It’s a small world; A look at Shove’s ties to the Gem City circa the ‘90s (Part 2)

 

Bead Arithmetic

Bead Arithmetic (Jen and Jay of Shove with Jen Bockrath and PJ Paslowski of Motel Beds)

 

Indie rock is a small world where artists, fans, booking agents, public relations people, label figureheads, etc. are loosely and sometimes intimately connected by just a few degrees of separation. Once upon a time in the ‘90s, a scrappy, Pixies loving, indie-trio from Northern California collided with Dayton’s musical movers and shakers in a way that left both challenged and changed. Like most rock and roll back stories, this one had tremendous ups, and serious downs that left the band defunct, and little more than an interesting part of the indie rock puzzle and a brilliant piece of Dayton’s musical mythology.

Ghettoblaster spoke with two former members of indie-rock trio Shove (Mark Kaiser and Jen Schande) about their Dayton connections, brushes with The Breeders, and Dave Doughman’s mustache (just kidding).  Below is part two, Jen Schande’s account of crazy times with some of the Gem City’s most celebrated bands.

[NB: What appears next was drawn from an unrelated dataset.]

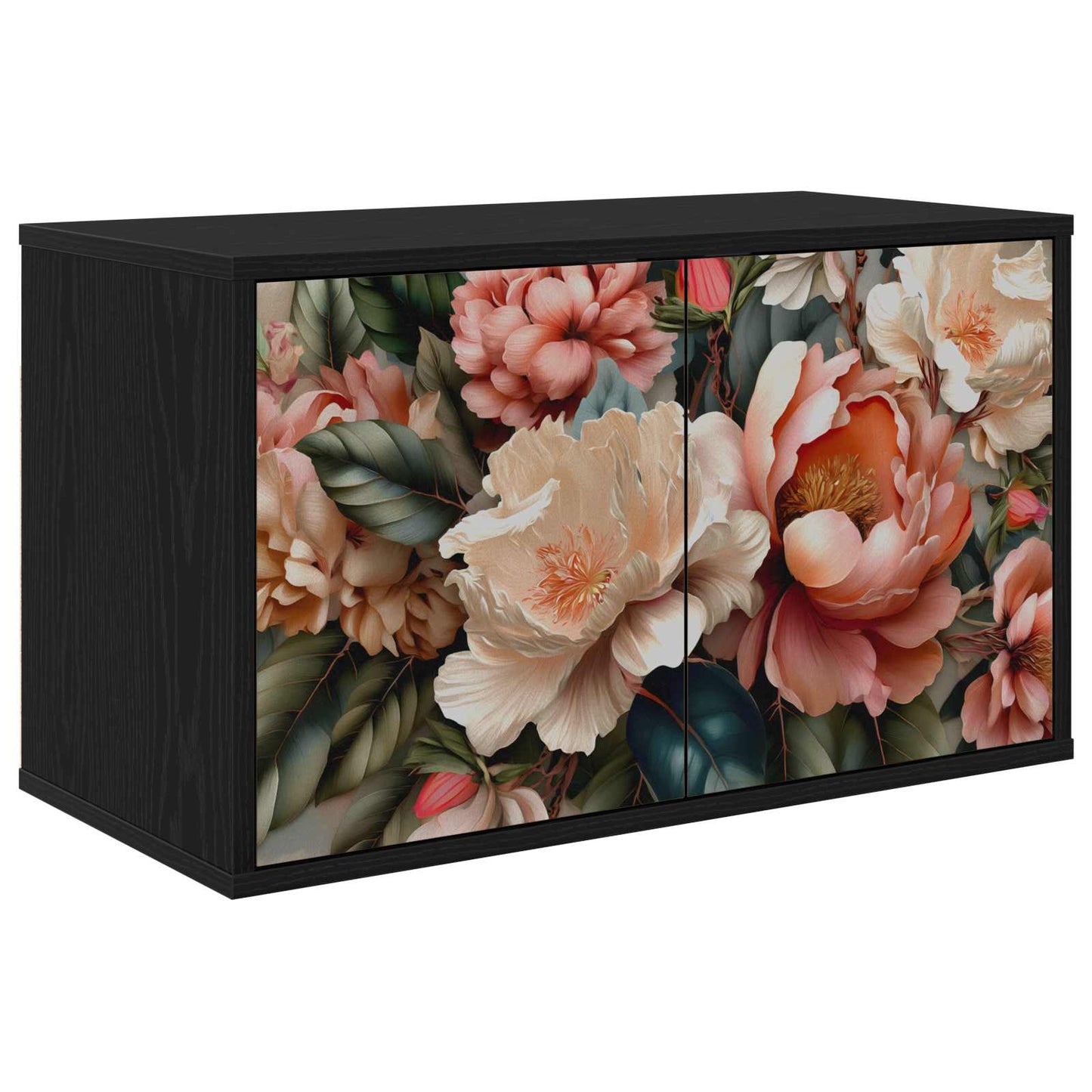 Wall-mounted TV Cabinet BORNE 69 x 33 x 40 cm Black Oak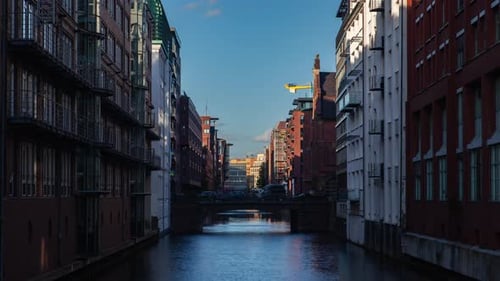 Hamburg Historic Canal Timelapse - Daytime Clear Autumn View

Writer’s Note: Jen Schande cut her teeth with San Francisco queer band Boyskout as well as ‘90s indie act Shove (whose second album was recorded by James Murphy) before a series of impressive releases with a band by the name of Schande. Her 2012 effort Songs for and Inspired by Valencia: Chapter 19, earned her comparisons ranging from Cat Power to P.J. Harvey to Marnie Stern. However, her most recent project, This Is Thunder grew out of a transatlantic bond and concrete desire to create together in spite of geographical boundaries. Jen Schande and France’s Nopse were fortunate enough to hash out demos in Nopse’s apartment and build the stormy, emotional foundation that ultimately culminated in their eager, oft-ominous debut EP, the bulk of which was recorded by Monte Vallier at Ruminator Audio in San Francisco. It will be self-released on May 28.

What originally brought Shove to Dayton in the ’90s?

The first time Shove played in Dayton was in 1995. At the time we toured whenever we could, long weekends, short weekends, any chance we could get really, and we spent out Summers going across country as that is when neither Mark or I were in school and we had more time to spend on the road. I used to book all of our tours and I remember really wanting to go to Dayton since, as a 20-year-old, it was like a dream to go play in the city where bands I really loved and was influenced by came from. The Breeders and Guided By Voices were huge in my world, so in a sense Dayton was like an indie rock Graceland. Thanks to Mike Justice who, at that time was working at Trader Vic’s, I was able to book Shove our first show in Ohio. I remember calling Trader Vic’s because of a number or address I saw on the back of a Guided By Voices 7″ released by Simple Solutions. I thought if I reached out to a small, local label they could help an unknown indie band from California book a show. Mike answered the phone when I called, we got to talking and started to develop a friendship which would later lead to really cool opportunities for Shove, aside from really fun shows to play.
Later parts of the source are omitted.